Dr. Purcell said he also advises against waiting for symptoms to appear before seeing an expert. "If you feel like you're having trouble seeing things at arm's length," he recommends, "visit your eye doctor to get a comprehensive eye exam and find a treatment that fits your lifestyle."

Pelvic exam and pap smear

If you are at no particular risk of cervical cancer, the Center for Disease Control (CDC) now supports the American Cancer Society's recommendation for screening for cervical cancer during a pap smear and pelvic exam every three years for women between 30 and 65 years of age.

However, if you are at a particular risk, you may need to be checked every year, or even more often. Dr. Ross stresses the fact that "women who are high risk for ovarian cancer, including those with a family history or test positive for . . . mutations, Ashkenazi women with a single family member with breast cancer before age 50 or with ovarian cancer, should have transvaginal pelvic ultrasounds and Ca 125 blood tests done every six months to one year along with pelvic examinations."

Basically, make sure your doctor knows your entire history, and ask her to help you decide how often you need an exam.

Skin cancer screening

Do you tan? Do you lie out in the sun? Have you ever forgotten to apply sunscreen and felt a bit of a sting on your hot cheeks? Honestly, even if none of these things apply to you, you still need to get your skin checked!

Skin cancers are so much more common than you think. According to studies cited by the Skin Cancer Foundation, "One in five Americans will develop skin cancer in the course of a lifetime." Yikes. Not only that, the Skin Cancer Foundation also states that "Women aged 49 and under have a higher probability of developing melanoma than any other cancer except breast and thyroid cancers."

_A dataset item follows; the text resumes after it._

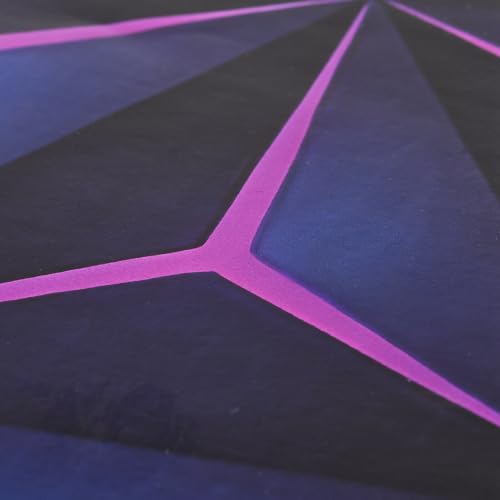 Image of Blueshyhall 2PCS Car B-Pillar Vinyl Decals, Purple Geometric Cube Personalized Vehicle Door Pillar Sticker, HD Printed PET Waterproof Sun Protection Scratch Cover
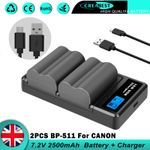 2× 2.5AH BP-511 BP-511A Battery For Canon EOS 10D 30D 40D 300D 50D + LCD Charger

The good news is that catching it early can make a big difference. Checking your own body for weird moles and any suspicious freckles can help, but you really need to see a professional to make sure your skin is healthy. As Dr. Ross put it, "It can be challenging to know the difference between a 'beauty mark' and an abnormal skin change." According to the CDC, the taskforce of experts in charge of designing recommendations for "asymptomatic adults" offers no official recommendation of how often you need your skin checked, however, Dr. Ross said that "melanoma and other skin cancers can be detected by seeing a dermatologist for a mole check yearly."

Your best health ever

Staying on top of your health is nearly a fulltime job, but anyone who has struggled with health problems will tell you that prevention and early-detection is worth the extra effort. Remember, these screening recommendations have science to back them, but as most doctors will tell you, they're based on averages, and not your particular, individual case. If your body is telling you something, listen to it!

According to MedlinePlus, "Even if you feel fine, you should still see your provider for regular checkups. These visits can help you avoid problems in the future." Especially if you have something atypical going on with your health or your body, your doctor might recommend a different course of action that will be best for you.